[Work item]: Line by line, the data below should be set down unchanged, with images excluded.

---- Recorded data

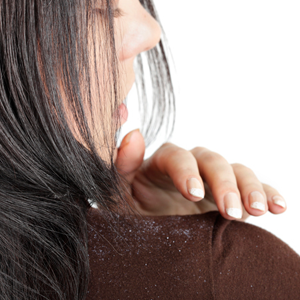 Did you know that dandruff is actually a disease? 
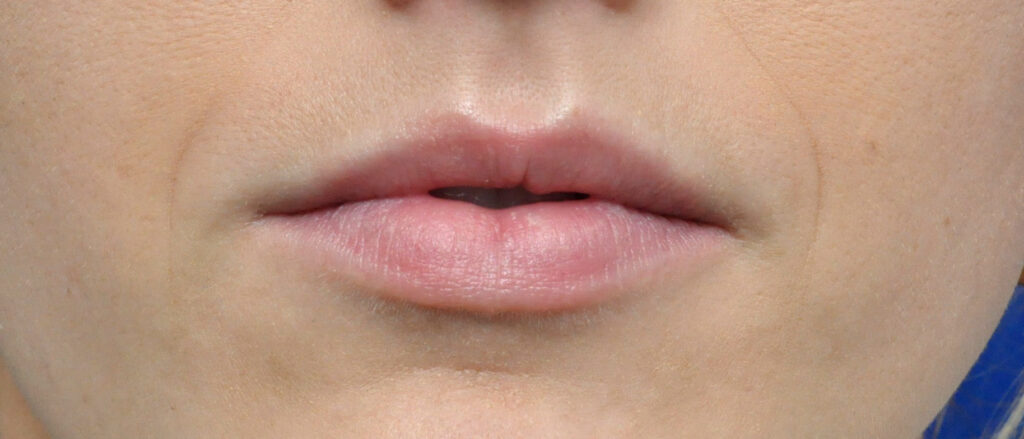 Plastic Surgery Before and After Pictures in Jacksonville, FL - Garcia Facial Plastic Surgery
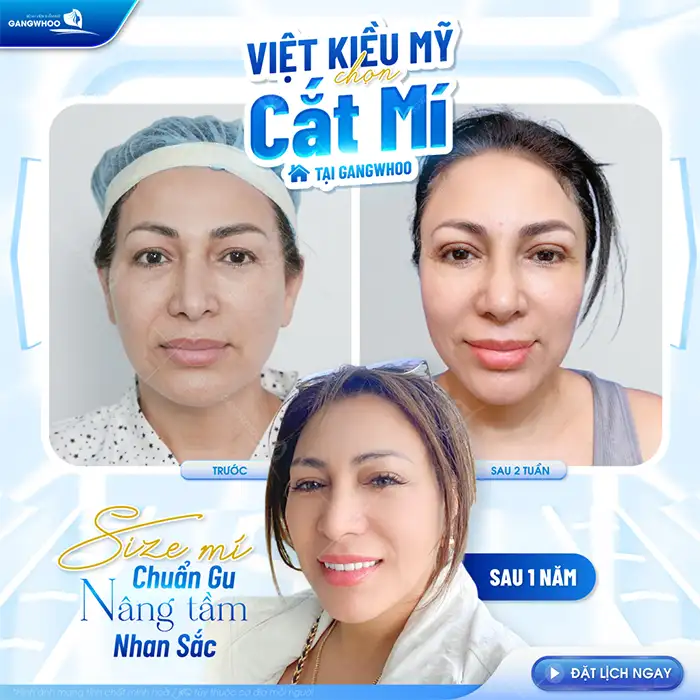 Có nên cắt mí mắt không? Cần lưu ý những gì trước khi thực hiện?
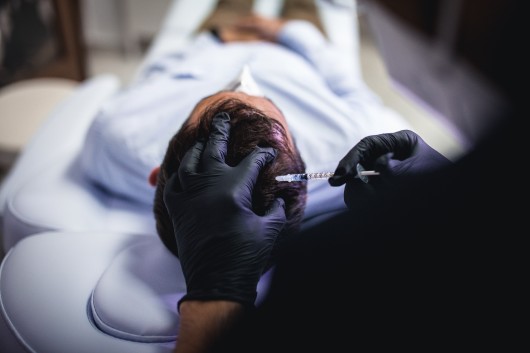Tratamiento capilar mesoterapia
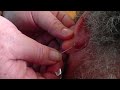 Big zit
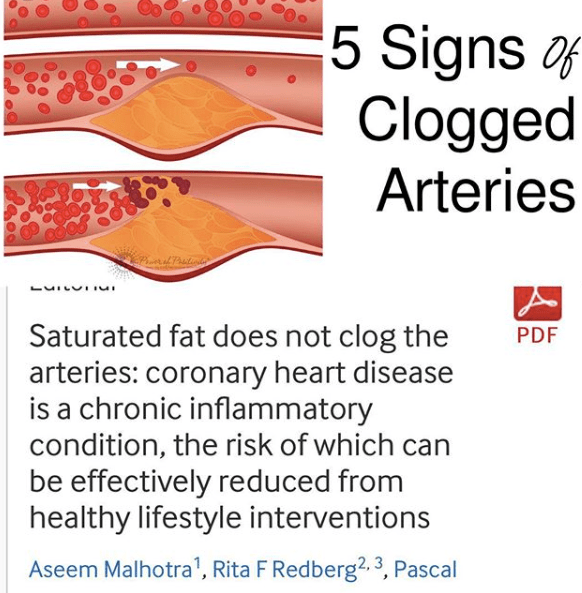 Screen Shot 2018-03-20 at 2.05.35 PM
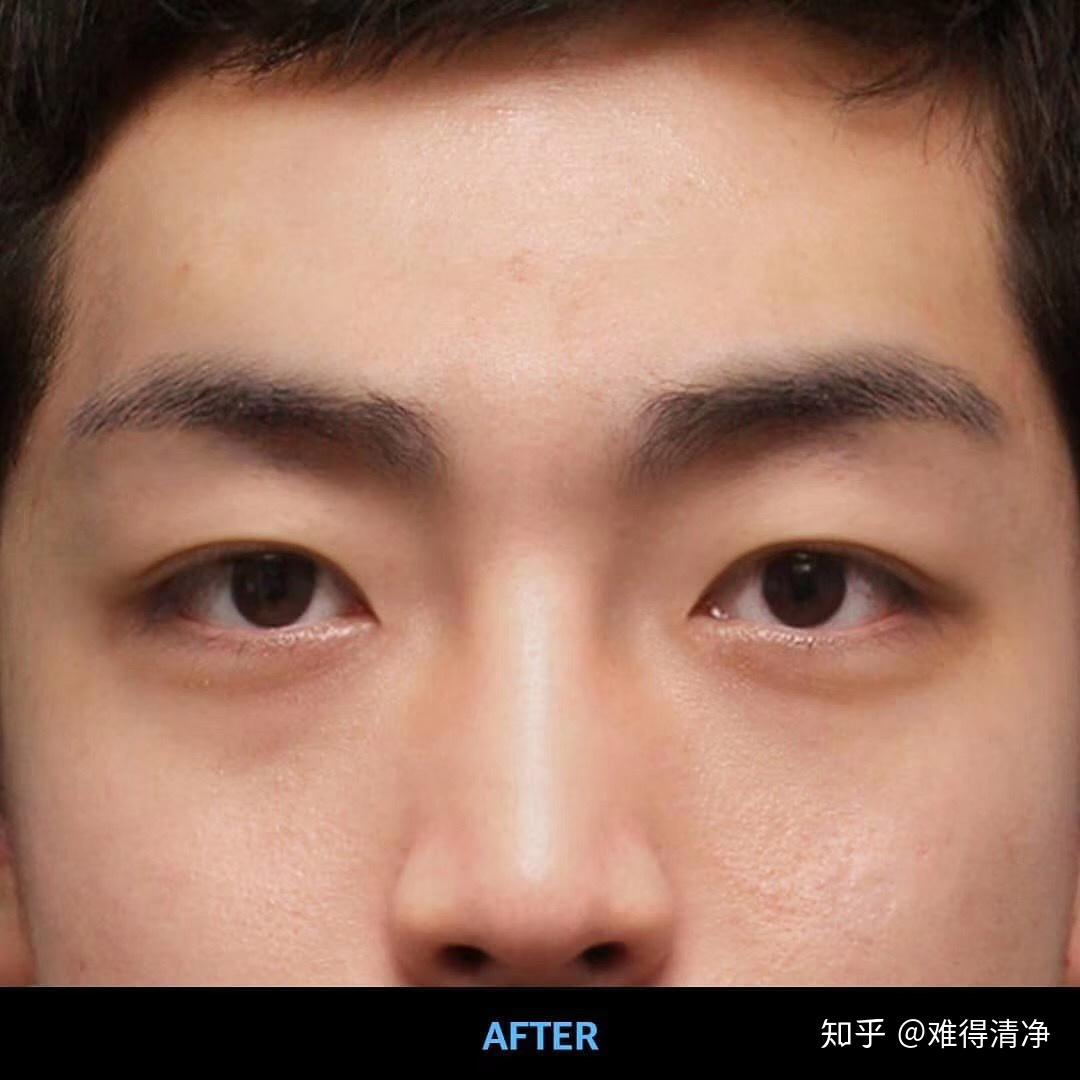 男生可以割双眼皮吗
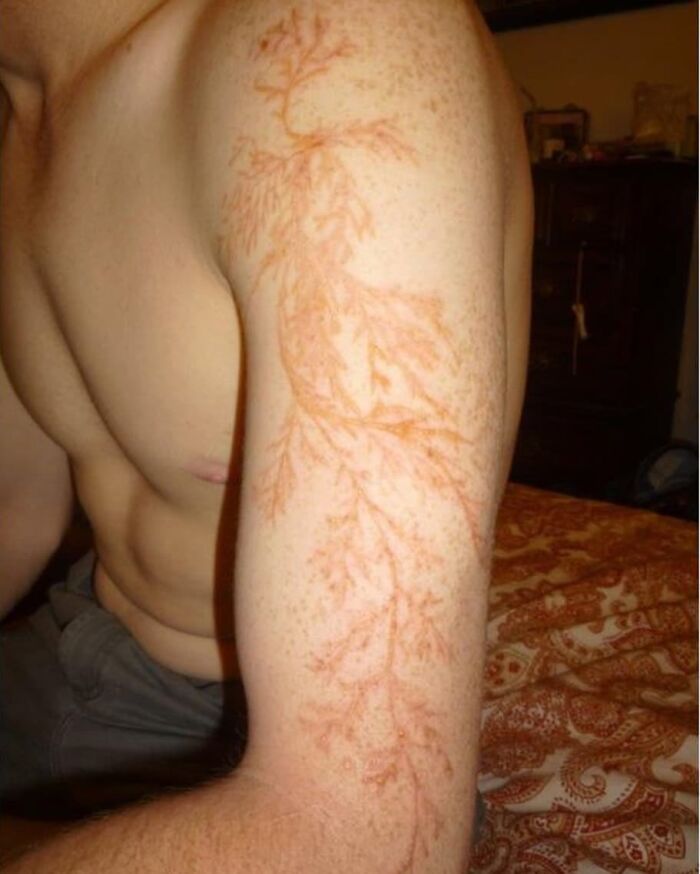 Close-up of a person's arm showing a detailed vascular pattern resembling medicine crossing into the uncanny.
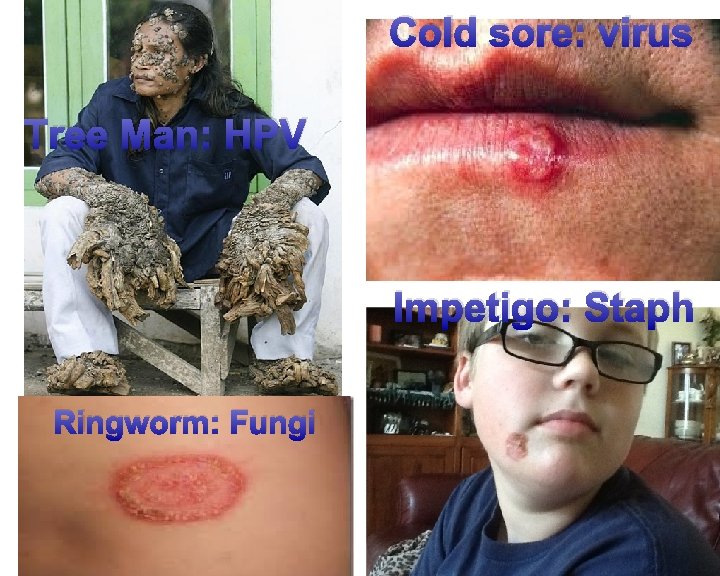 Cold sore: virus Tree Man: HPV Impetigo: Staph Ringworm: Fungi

--------

[Result of the exercise]:
 Did you know that dandruff is actually a disease? 
 Plastic Surgery Before and After Pictures in Jacksonville, FL - Garcia Facial Plastic Surgery
 Có nên cắt mí mắt không? Cần lưu ý những gì trước khi thực hiện?
Tratamiento capilar mesoterapia
 Big zit
 Screen Shot 2018-03-20 at 2.05.35 PM
 男生可以割双眼皮吗
 Close-up of a person's arm showing a detailed vascular pattern resembling medicine crossing into the uncanny.
 Cold sore: virus Tree Man: HPV Impetigo: Staph Ringworm: Fungi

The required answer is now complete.